26 If these developments in union organization and control take place, it is essential that we re-think the relation of government to business, and as a matter of fact reconsider the very concepts themselves. If it were possible for a society simply to discard words that have (become troublesome through their inaccuracy, a good case could be made for discarding the words “government” and “business.” The rather sharp distinction between government and business is a product of the rise of laissez-faire. Business and political institutions were closely merged in the Middle Ages; later ithan that, such organizations as the British East India Company represented a combination, of political and business functions in one institutional arrangement. With the development of the price system, it was possible for government to throw off certain public functions such as the determination of what was to be produced and how it was to be distributed, since, through the operation of a pricing mechanism, these public functions could be administered with public control but without the instrumentalities of the political state. Under these circumstances the function of government was to govern, to lay down rules, to provide for law and order. Many of the functions of government today are business functions, and it is thus no longer correct to say that the almost exclusive function of government is to govern. On the other hand, imperfections of competition have permitted business organizations (including unions) to free themselves to a significant degree from the public controls embodied in the pricing mechanism and thus to establish, sometimes through property rights and sometimes through the coercive powers of unionism, what can be described as political controls. I think it is fair to say that rules handed down by companies or unions regulating social relationships and liberties on the job involve political decisions and powers. For that matter, when any agency in the market place becomes so powerful as to exercise discretionary control over the volume of employment, perhaps we should grant that it possesses what we should ordinanily call governing power or political power. These similarities and distinctions are, of course, immensely more subtle than this brief note suggests.

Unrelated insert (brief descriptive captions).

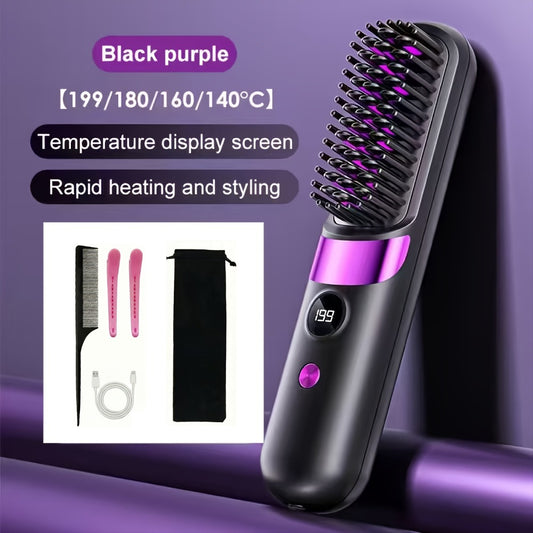 Wireless Hair Straightener Comb USB Rechargeable | Cordless Straightening Brush with Negative Ion, 3-Speed Temp Control, LED Display – Travel Hair Styler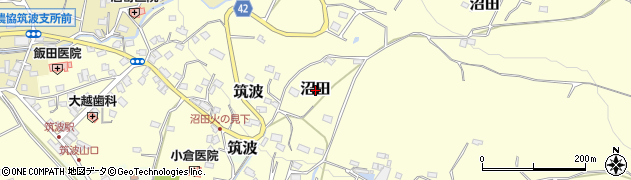茨城県つくば市沼田周辺の地図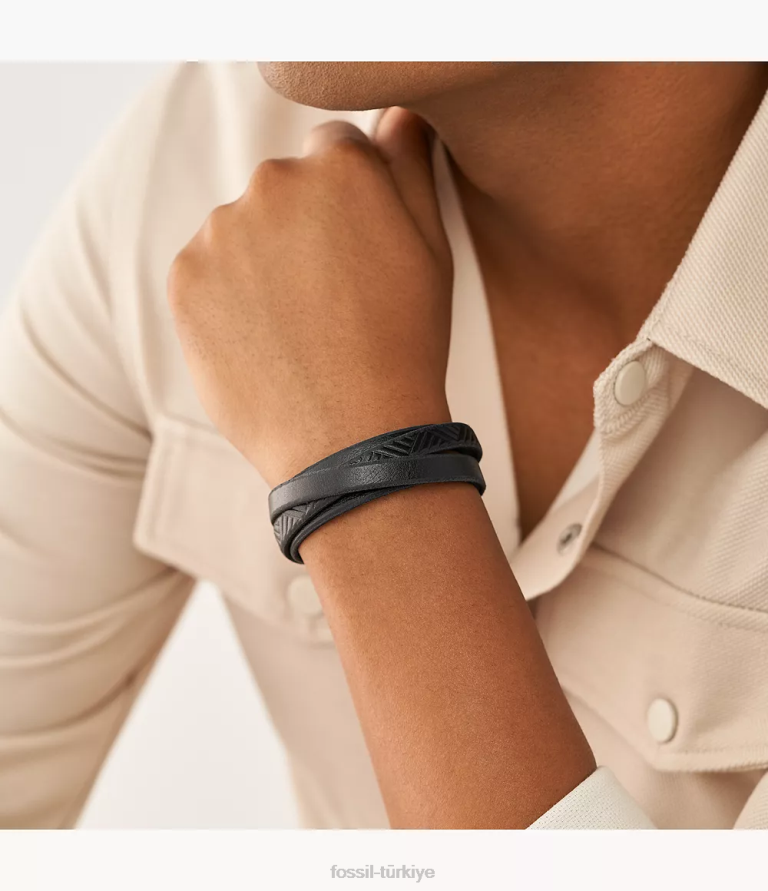 Fossil 6J041861 siyah deri sarma bilezik takı erkekler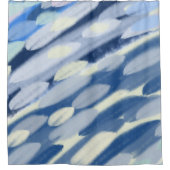 Blauw en wit abstracte kunst douchegordijn (Voorkant)
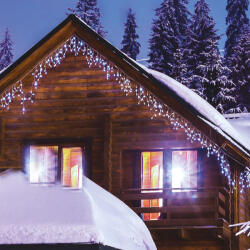  Kültéri toldható jégszikrázó jégcsapfüzér, hideg fehér, 2 x 0, 9 m, 138 LED, fehér gumikábel (KDK 103)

27 As an appendix to these suggestions on public policy, I should like to make an observation on a relevant issue of political theory. It will be objected that the growth of government control over organized labour means the end of the “free labour movement.” In the opinion of many, this is a catastrophe. I should like to suggest, however, that when an organization takes on political functions, as unions have done, our concern is with establishing responsibility in the exercise of that political power rather than in maintaining freedom from responsibility, which is what some advocates of a “free labour movement” mean. We frequently speak of a free country or a free government. What we mean is that government is held in check, not that its officials are free to do as they wish. Likewise, we have every reason to speak of a genuinely free labour movement if we establish its responsibility to the public when it exercises public functions.